Delegation forwarding Erramilli, Vijay; Crovella, Mark; Chaintreau, Augustin ...
Proceedings of the 9th ACM international symposium on Mobile ad hoc networking and computing,
05/2008
Conference Proceeding
Mobile opportunistic networks are characterized by unpredictable mobility, heterogeneity of contact rates and lack of global information. Successful delivery of messages at low costs and delays in ...such networks is thus challenging. Most forwarding algorithms avoid the cost associated with flooding the network by forwarding only to nodes that are likely to be good relays, using a quality metric associated with nodes. However it is non-trivial to decide whether an encountered node is a good relay at the moment of encounter. Thus the problem is in part one of online inference of the quality distribution of nodes from sequential samples, and has connections to optimal stopping theory. Based on these observations we develop a new strategy for forwarding, which we refer to as delegation forwarding.

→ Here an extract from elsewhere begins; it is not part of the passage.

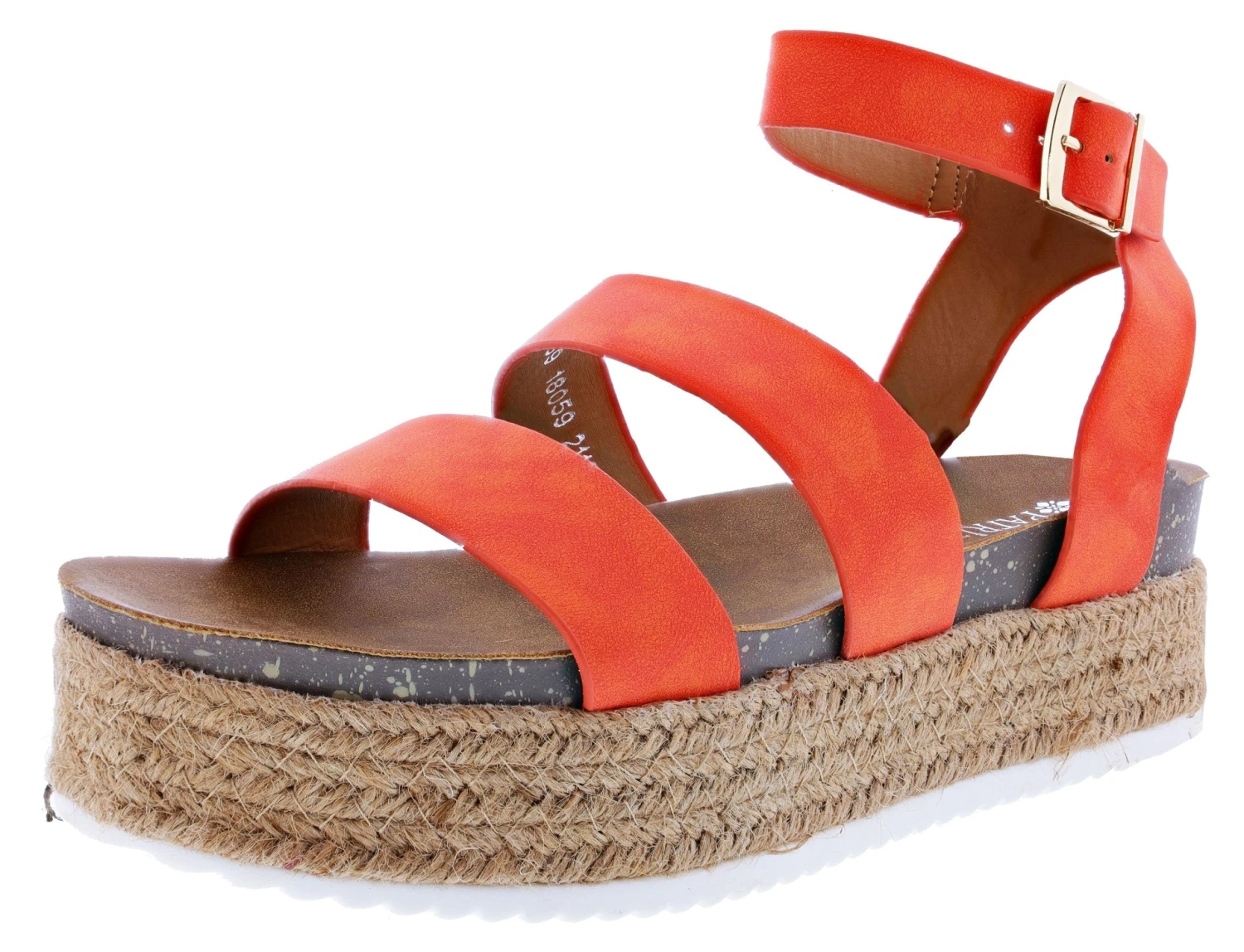 Patrizia Larissa Platform Wedge Sandals Women 15 Patrizia Larissa Platform Wedge Sandals Women - Image 13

We analyse two variants of delegation forwarding and show that while naive forwarding to high contact rate nodes has cost linear in the population size, the cost of delegation forwarding is proportional to the square root of population size. We then study delegation forwarding with different metrics using real mobility traces and show that delegation forwarding performs as well as previously proposed algorithms at much lower cost. In particular we show that the delegation scheme based on destination contact rate does particularly well.